The ROC Must Rebalance Too
United Daily News editorial (Taipei, Taiwan, ROC)
November 27, 2012
Summary: U.S. President Barack Obama's "rebalancing" act is affecting the Asian-Pacific strategic picture. We on Taiwan should not exaggerate its political or military significance. Instead, we should pay close attention to the economic situation. We should be vigilant. We should do some "rebalancing" of our own.
Full Text below:
U.S. President Barack Obama's "rebalancing" act is affecting the Asian-Pacific strategic picture. We on Taiwan should not exaggerate its political or military significance. Instead, we should pay close attention to the economic situation. We should be vigilant. We should do some rebalancing of our own.
Obama's rebalancing has political and military undertones. He uses such terms as "returning to Asia," "entering China's backyard," and "neo-containment." We need not repudiate such perspectives. But they overlook the forest for the trees. They use 60s era Cold War rhetoric to interpret 21st century world events.
During the Cold War, the United States and the Soviet Union faced off against each other, primarily in Europe. The United States formed the North Atlantic Treaty Organization. The Soviet Union formed the Warsaw Pact. One military alliance pitted itself against the other. Today, the Asian mainland has become the rebalancing arena for the United States and Mainland China. The US-led TPP (Trans-Pacific Partnership Agreement) is emerging. Mainland China is the hub of the RCEP (Regional Comprehensive Economic Partnership). These two economic organizations cooperate as well as compete.
Obama has held high the banner of "returning to Asia." Intentionally or otherwise, he has implied that the US is "resisting the rise of China." But Obama knows that military force is not the solution. The solution to the problem is economic. The TPP is the economic means by which Obama seeks to achieve rebalancing.

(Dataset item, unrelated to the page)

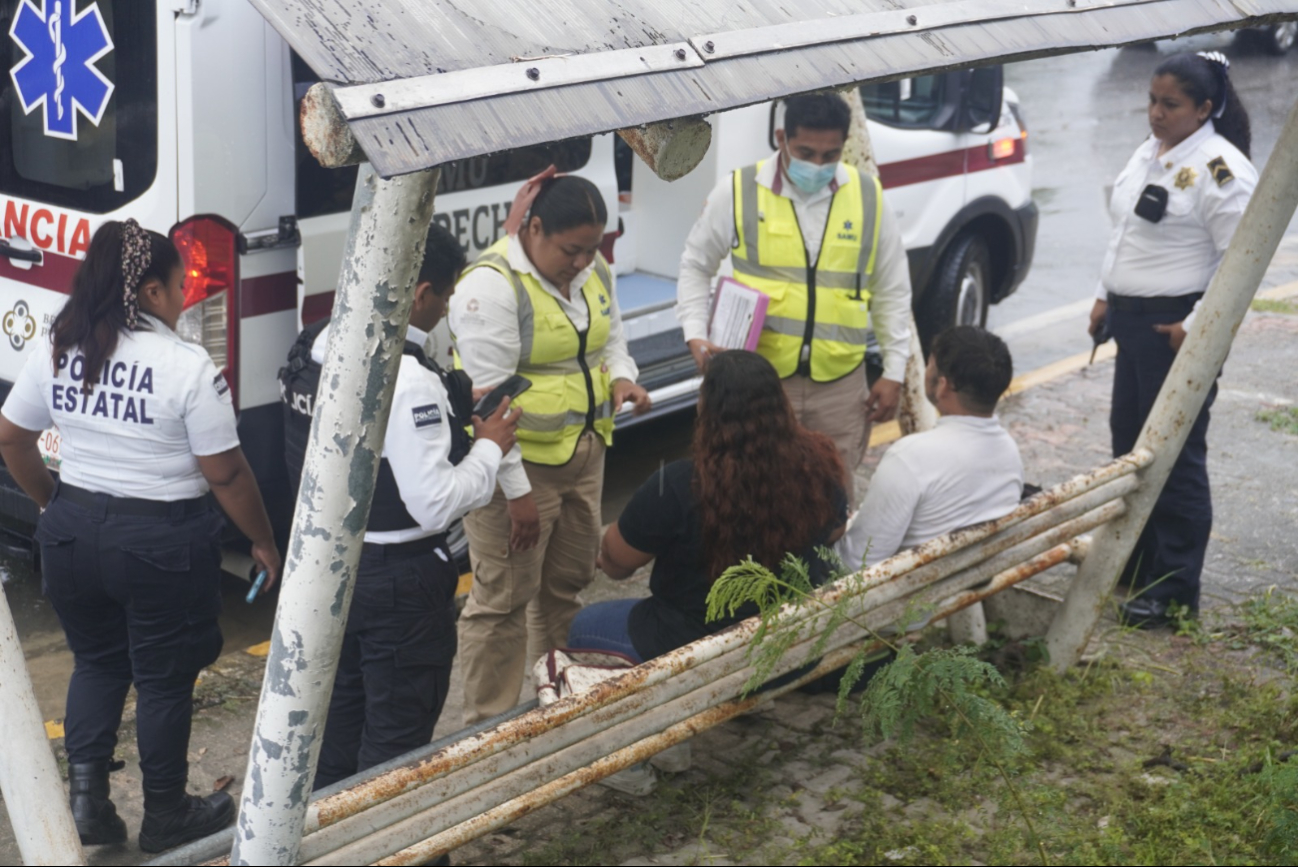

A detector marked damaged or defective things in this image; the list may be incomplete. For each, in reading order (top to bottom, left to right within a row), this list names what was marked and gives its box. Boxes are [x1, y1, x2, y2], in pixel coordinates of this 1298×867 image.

By the same token, Mainland China, Japan, and South Korea announced a tripartite FTA in Phnom Penh. They are jointly promoting the RCEP. Japan and South Korea have clashed over Dokdo. Japan and Mainland China have clashed over Diaoyutai. These clashes were necessary responses to nationalist sentiments at home. But the RCEP shows that the three governments realize that the future requires economic coopetition. Disputes over islands are trees. Economic alliances are the forest. One must not destroy the forest for the sake of the trees.
This requires a broader view of history. The wars of the 19th century arose due to economic factors. In extreme cases, one side seized territory from the other, and turned them into colonies or foreign concessions. The main cause of wars during the twentieth century was ideology. The themes of the Cold War were "containment" and "exporting revolution." But since the twentieth century, forcible economic colonization is no longer possible. Communist regimes have disintegrated, one after the other. Either that, or they have undergone glasnost and perestroika. Rebalancing is less and less likely to lead to war. It is more likely to involve economic and trade coopetition. Obama's rebalancing is no exception.

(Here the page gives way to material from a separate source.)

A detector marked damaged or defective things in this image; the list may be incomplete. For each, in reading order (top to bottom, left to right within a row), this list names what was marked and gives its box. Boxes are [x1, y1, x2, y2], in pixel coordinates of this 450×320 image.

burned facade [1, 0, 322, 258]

NATO confronted the Warsaw Pact. Now the RCEP is confronting the TPP. Paradoxically this is "ASEAN plus six." ASEAN was seen as a military alliance to confront Beijing. Clearly the political climate has changed. It has presented nations the world over with new challenges. Future world powers and world leaders can no longer rely on military means to achieve their ends. They must be creative. They must depend on trade and economics. The US-led TPP is attempting to use stringent labor conditions and environmental conditions to weaken backward economies, in order to gain an advantage. Will it prevent the Mainland Chinese led RCEP, a relative latecomer, from catching up? This will be the acid test for the United States' rebalancing act.
The Asian-Pacific region is undergoing rebalancing. We on Taiwan must also think about rebalancing. We need not harbor fantasies about rebalancing the military picture in the Asian-Pacific region. Instead, we should give serious thought to affecting the economic and trade picture. We should try to join both the TPP and the RCEP. If we fail, we will become "economic orphans." The political implications would be unimaginable. We on Taiwan should respond to the new strategic picture in two ways.

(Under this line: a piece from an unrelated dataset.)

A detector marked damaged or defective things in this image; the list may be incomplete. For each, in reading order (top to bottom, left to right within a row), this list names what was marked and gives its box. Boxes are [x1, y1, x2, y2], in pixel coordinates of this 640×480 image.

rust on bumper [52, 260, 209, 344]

One. We must establish more peaceful and stable cross-Strait relations. We should upgrade. We should trade the 1992 consensus in for "one China, different interpretations under the big roof concept of one China." Together with the Mainland, we should seek a shared definition of "one China." This would stabilize cross-Strait relations. The Mainland must realize that Taiwan is willing to participate. We may not be able to participate in the TPP and RCEP. But Beijing is hardly the only party that could exclude us. If Mainland China forces other countries to persecute Taiwan, politically and economically, it will surely harm cross-Strait relations.
Two. We on Taiwan must establish a political and economic consensus between the ruling and opposition parties. Refusal to liberalize economically, will make it impossible for us to survive. Liberalizing economically, on the other hand, will inflict pain. The ruling and opposition parties must work together to minimize the pain of economic liberalization. They must avoid turning the pain caused by economic liberalization into a bargaining chip in a political struggle. Politically speaking, the DPP has been taken hostage by Taiwan independence hardliners. Its concepts of national and constitutional allegiance, and its cross-Strait policy, must be replaced. It must not cling to fantasies that it can benefit from "rebalancing" and "neo-containment." Su Tseng-chang and Tsai Ing-wen must not be even more blind to history than Shintaro Ishihara. They must not remain blind to the bigger picture.
The global political and economic picture is changing dramatically. Governments the world over are attempting to rebalance themselves. We on Taiwan must give careful thought to rebalancing our nation's governance and cross-Strait relations.